時代はまさに、「個人で電力を賄う」という方向に動いている。
「自家発電など微々たるもの」という概念はすでに昔のものになり、今や自家発電どころか「個人発電」が常識になりつつある。そうしたことを念頭に置いた製品も、どんどん開発されている。
今回は我が国日本の地理に合致した製品をご紹介しよう。
バッグに収まる水力発電装置
クラウドファンディングサイト『Indiegogo』で、このようなものが出展されていた。
携帯型水力発電装置『Estream』である。
使わない時は筒状に収納できるこの『Estream』、蓋を開けて広げるとプロペラが出現する。それを丸ごと水流の中に入れてしまうのだ。
上の動画の中では、カヤックに取り付けて水流を作るということをしている。だが我が国において、そうした工夫は不必要だろう。
たとえば、東南アジアを流れるメコン川は川幅が広く、流れが非常に緩やかだ。そうした場所で急な水流を起こすことは難しいが、日本の川はいずれも流れが速い。これは日本の国土が火山帯を中心にしているからこその地形だが、ともかくこの『Estream』は日本の地理事情と極めて相性が良い。
この製品はロサンゼルスの企業が作ったもので、「日本を意識して開発した」という意図はまったくないはずだ。

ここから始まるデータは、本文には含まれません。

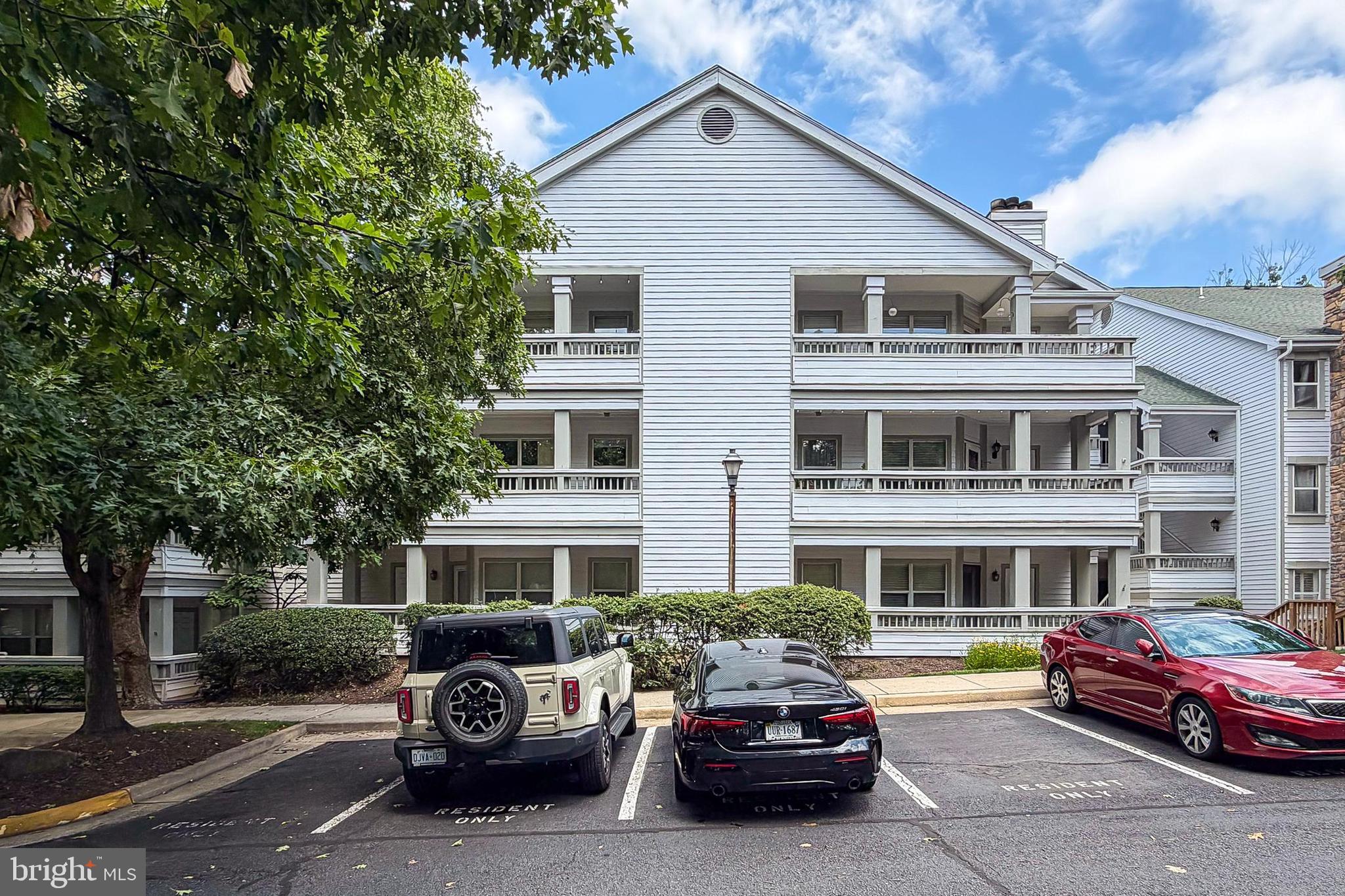 STONECROFT CONDO - Residential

偶然とは、じつに不思議なものである。
いざという時の「命綱」
『Estream』のバッテリー容量は6,400mAhで、満充電までは4.5時間かかるという。
6,400mAhは、アウトドアにおいても充分なキャパシティーだ。もしこれが災害発生時の避難生活の場合でも、「自然エネルギーで電力を賄える」ということは大変ありがたい。東日本大震災や熊本地震の時も、被災者へ提供する電力の確保が議題に上がった。
ひとつ残念なのは、この画期的な製品を製造企業は日本の自治体へ直接PRしていないということだ。自然災害の危機を常に目の当たりにしている我が国にとって、『Estream』は必要不可欠な「命綱」となるはず。各地域の防災シェルターに備わっていれば、いざという時には必ず助けてくれるだろう。
世界はエコエネルギーの道をゆく
「個人が電力を作る」という発想においても、『Estream』は重きをなすに違いない。
スマートフォンを充電するのに家庭用電源から電力を供給するのは、じつは非合理的なのだ。たった5ワットの電力ならば、自分で作ったほうが理に適っているという発想だ。
こうして世界は「省電力・エコエネルギー」の道を進んでいる。その流れから目を背けることは、誰にもできない。
人類は、確実に進化しているのだ。